Greylisting has achieved an 85% reduction in SPAM making it to our inbox and quarantine folders - this demonstrates the value of the feature.
However, with 3rd party email servers, I am seeing multi-hour delayed mail delivery, due to server farms sending using different IP addresses.
We are B2B and email delays can represent lost sales... just as email lost in quarantine due to excessive SPAM we have to sort through.
I have been adding domain names to the grelist "whitelist" but am looking for a way to generalize and speed up the process... or even (dare I mention it) be proactive.
My suggestion is allow a wildcard for the domain (for example: *.in.us) to catch all Indiana state email addresses or any other of the multi-domain combinations. It would also be convenient to put in an IP range or subnet to handle some of Google's commercial mail services (or other third party systems).
I have to agree. The delay due to whitelisting being enabled can be horrendous. I know that retries are controlled by the sending server, but it would be great to be able to be proactive and eliminate the unnecessary send/receive mail server chatter.
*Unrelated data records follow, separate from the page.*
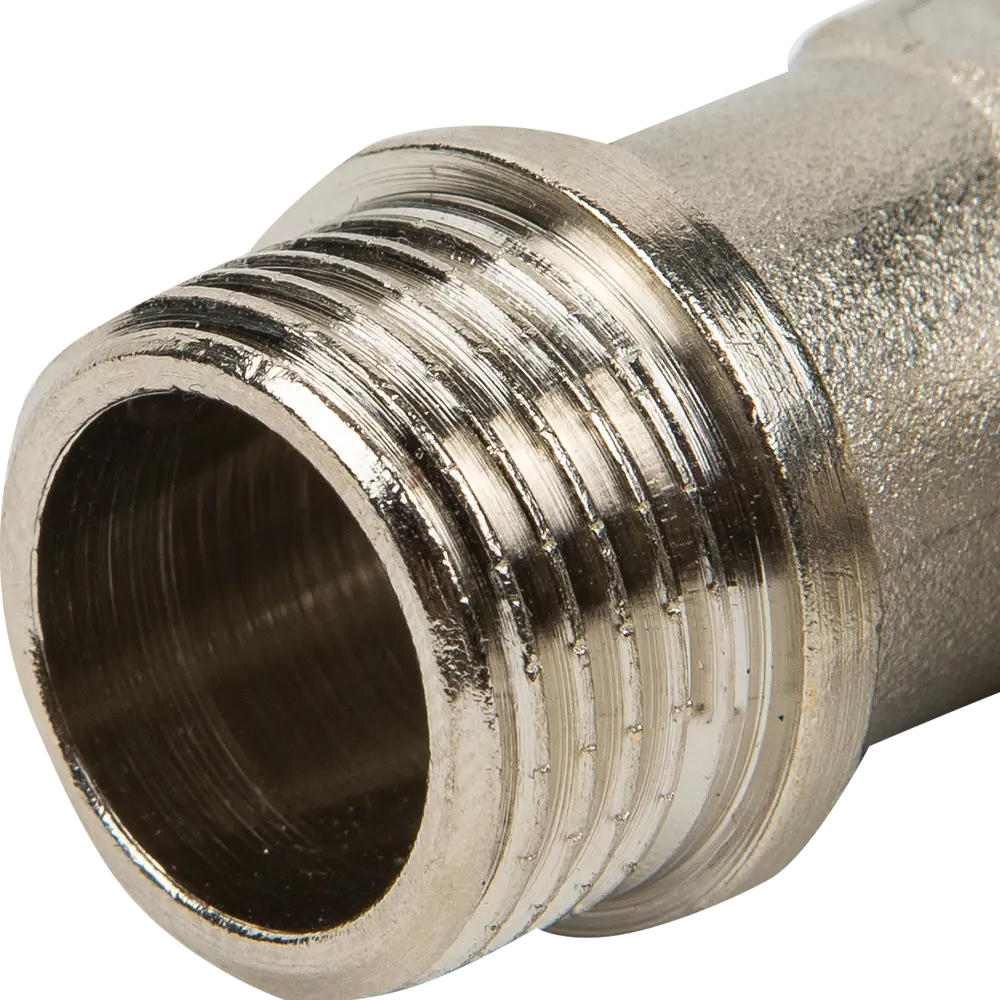 Угол Valtec наружная-наружная резьба 1/2" никелированная латунь VTr.093.N.0004 STLM-2026749 - Вид №1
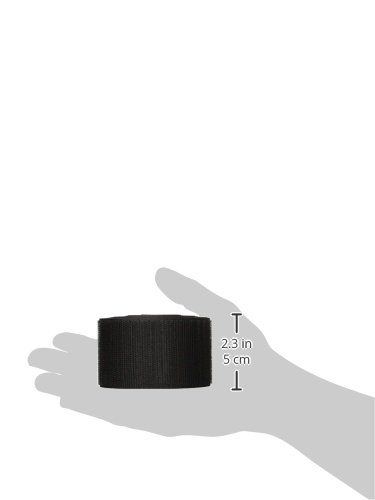 Велкро 1006-AP-PB/H црн најлон ткаен лента за прицврстување, тип на кука, стандарден грб, 2 широк, 10 'должина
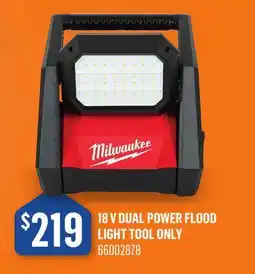 Canac 18 V Dual Power Flood Light Tool Only offer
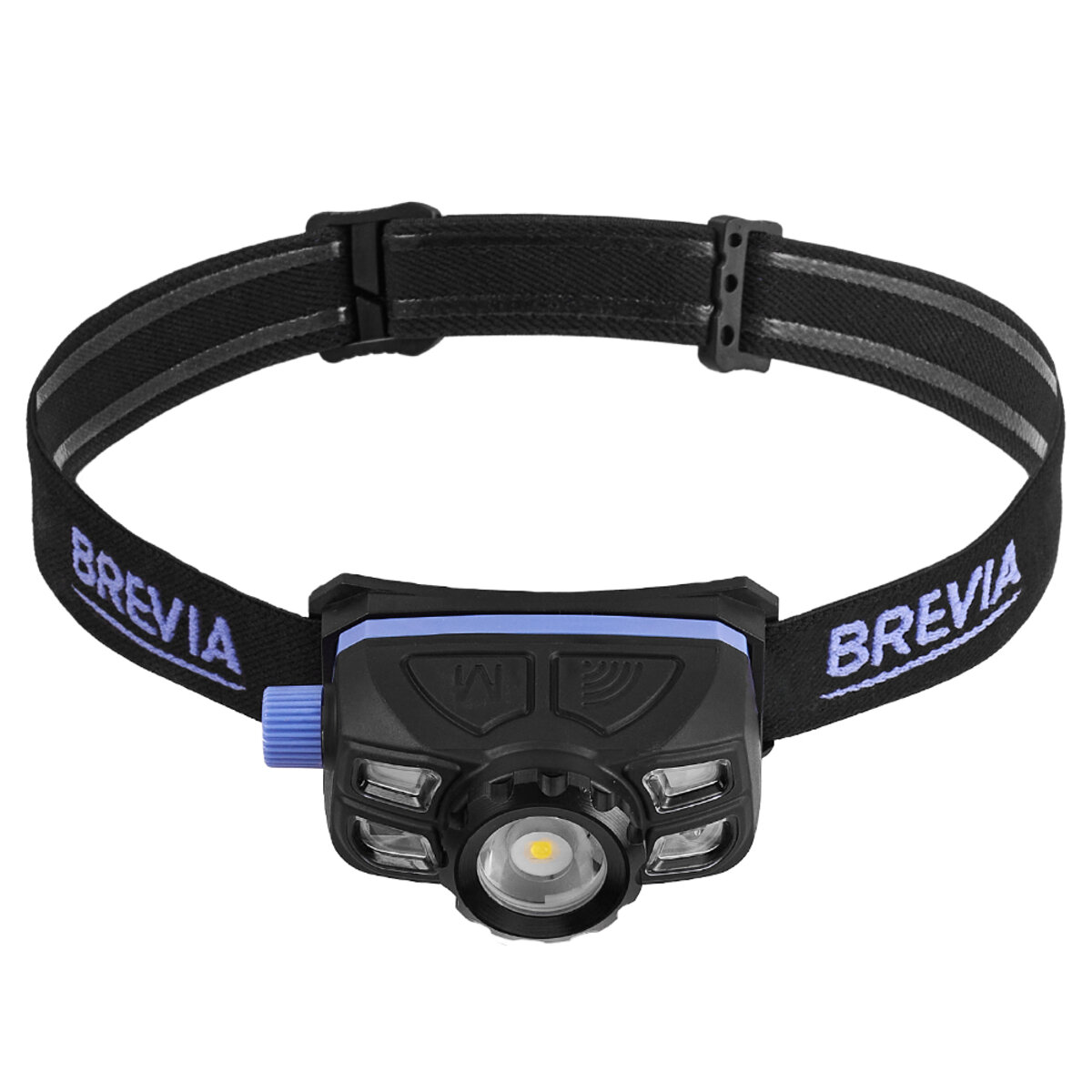 Ліхтар налобний Brevia 400Lm, 5W LED, Zoom, Sensor, 1400mAh IP65 (14150WZX1) дивитися фото №1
I have many employees that subscribe to newsletters and other information sources that do not distribute using conventional email servers. Greylisting -- an awesome feature that removes 2/3 of the spam coming to our server -- currently blocks all of these too. Yes, I can survey all our employees and then manually edit a file using NOTEPAD to add each newsletter's sending domain...but that's not very efficient. Wouldn't it be easier if "Greylisting" simply paid attention either to a master Domain list that is more conveniently maintained on the Console -- or better yet, the Allowed Senders lists maintained by each user. If they have a newsletter they like, drag it into their folder!
I agree with this request. Our primary reason for not turning on greylisting, is because of the delays. Anything that can be done to help speed up the management of speeding up greylisting would be greatly appreciated.
I like Doug VanOrnum's suggestion, of an easy to manage master list, to be used in conjunction with recipient's list of allowed senders.